Y cuando esa IA se une con robots capaces de moverse, manipular y operar sin intervención constante, ingresa un nuevo tipo de máquina a la economía global, que es una unidad productiva que combina músculo, sensores, reflejos, memoria y un cerebro que aprende. Es el nacimiento del concepto del “Embodied Intelligence” de Rodney Brooks (MIT), que explica la convergencia entre software y cuerpo, entre decisión, acción y autonomía.
No es ciencia ficción. Es industria pura y dura. Hoy en día, Amazon opera con más de un millón de robots que aumentan la productividad logística en un 45%. También Xiaomi es capaz de producir un automóvil cada 76 segundos con un tercio del personal de una planta estadounidense. En el caso de las grandes tecnológicas, estas no aumentan su plantilla hace tres años porque la IA ya absorbió buena parte de la programación de alto valor.
Ante esta dinámica, la discusión actual en Argentina sobre la reforma laboral parece ocurrir en otra dimensión temporal. Tengo la sensación de estar parado en la playa, viendo como el Tsunami que se avecina retira de forma violenta el mar de la costa, y nosotros discutiendo si con ajustar los remos de un bote alcanzaría para enfrentar lo que viene.
Nuestro marco laboral fue diseñado entre los años 30 y 40, para un país industrial fordista, de líneas de montaje y tareas repetitivas. Era un mundo donde la protección del puesto laboral, la estabilidad y la “estructura taylorista de roles” en las fábricas tenía sentido. Pero hoy, la IA y la robótica no reemplazan empleos “baratos” o “caros”, van a reemplazar tareas sin discriminar niveles de calificación. La sustitución es transversal y afecta al operario, al administrativo, al programador, al analista, al especialista y a profesiones que antes parecían inmunes.
La IA más robotización avanzada comienza a intervenir en servicios, logística, manufactura flexible, inspección, salud, seguridad y hasta tareas de interacción humana. La frontera del reemplazo se expandió y dejó de ser un fenómeno acotado a lo manual.
A esta disrupción se suma un factor estructural que Argentina no está procesando con la urgencia necesaria: su demografía. Con una población que envejece, menos jóvenes ingresando al mercado laboral y mayor costo de especialización, la curva de aprendizaje para entrar al mundo del trabajo se vuelve más larga y costosa. Los puestos de entrada van a ser automatizados. Es una tormenta perfecta con menos mano de obra disponible y más dificultades para formarla.
En este contexto, la discusión local entre “bajar costos” y “defender derechos adquiridos” queda desfasada. La realidad es que el Gobierno debe buscar una transformación aún más profunda del mercado laboral local frente a los desafíos que se avecinan. Y, por otro lado, observamos cómo el sindicalismo obsoleto y la oposición más retrógrada no están leyendo la magnitud de la ola que se viene. La propuesta de reforma laboral oficialista es muy buena, y corrige problemas reales, pero es una herramienta diseñada para un mundo que ya no existe.
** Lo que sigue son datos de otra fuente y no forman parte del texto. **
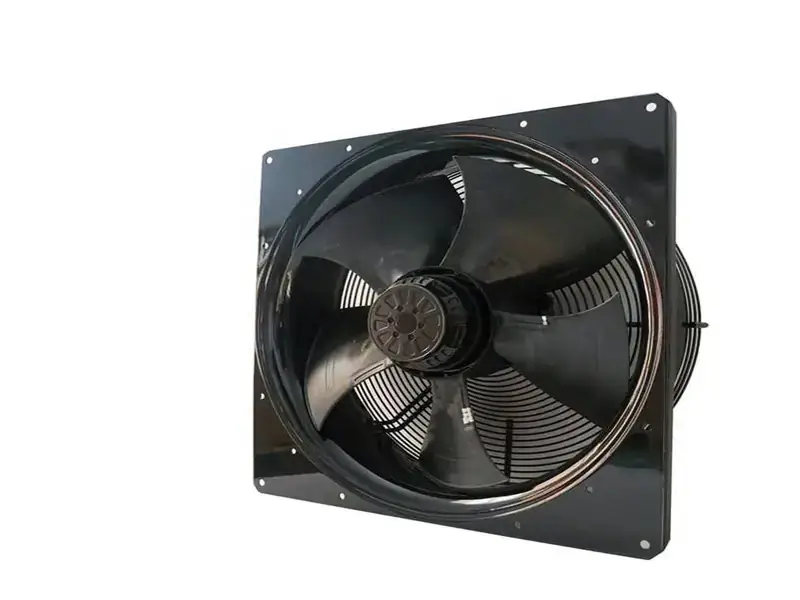 Ventilateur Ebmpapst W4D500-GM03-10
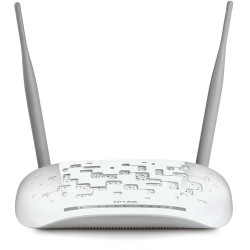 Router wireless tp-link td-w8961nd [td-w8961nd(it)]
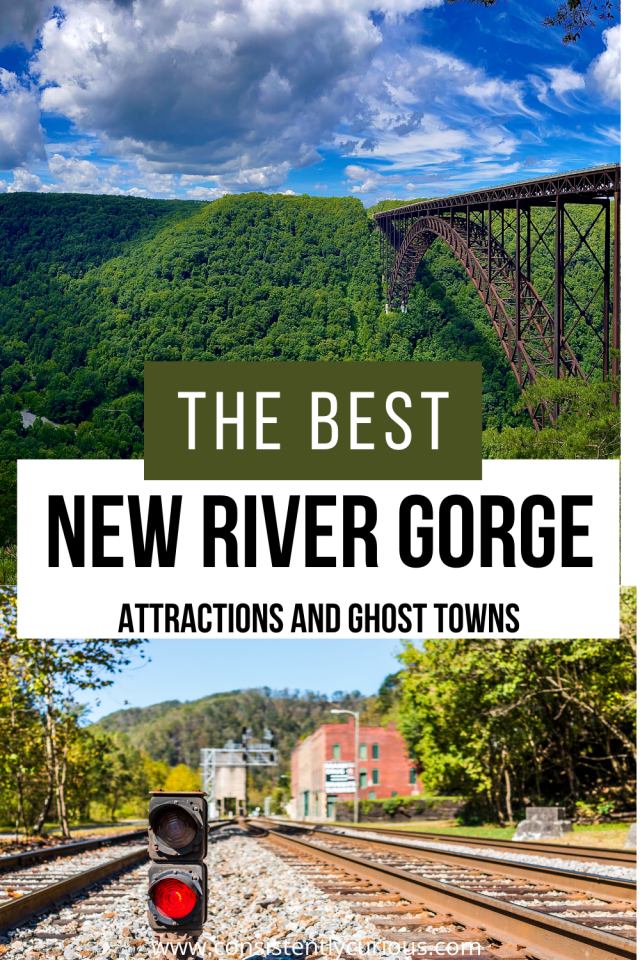 Things To do in New River Gorge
Al igual que Asimov hace 80 años creó leyes para proteger a los humanos de los robots, nosotros hoy discutimos leyes que nos protejan del progreso, pero el riesgo ya no es ser dañados por la tecnología sino quedar excluidos de ella. El futuro exigirá flexibilidad para la adopción rápida de tecnologías que multiplican la productividad de cada trabajador.
El modelo que deberíamos estudiar está mucho más cerca de lo que creemos y es Singapur. Un país pequeño, sin recursos naturales, pero ultra competitivo que comprendió que la única defensa posible ante la ola tecnológica es surfearla, no regularla hasta paralizarla. Ellos además de flexibilizar la regulación laboral, discuten cómo recapacitar a toda su fuerza laboral de forma permanente. El programa “SkillsFuture” financia la actualización profesional obligatoria y continua, entendiendo que la productividad ya no vendrá del número de empleos, sino de la capacidad de cada ciudadano de complementarse con la tecnología.
En síntesis, nuestra discusión como sociedad debería anclarse en la pregunta: ¿tendrá Argentina trabajadores capaces de complementarse con la tecnología para aumentar su productividad? Porque la historia nos enseña que, o surfeamos la ola, o la ola nos pasa por encima. Y esta ola, al igual que un tsunami, no perdona rezagados.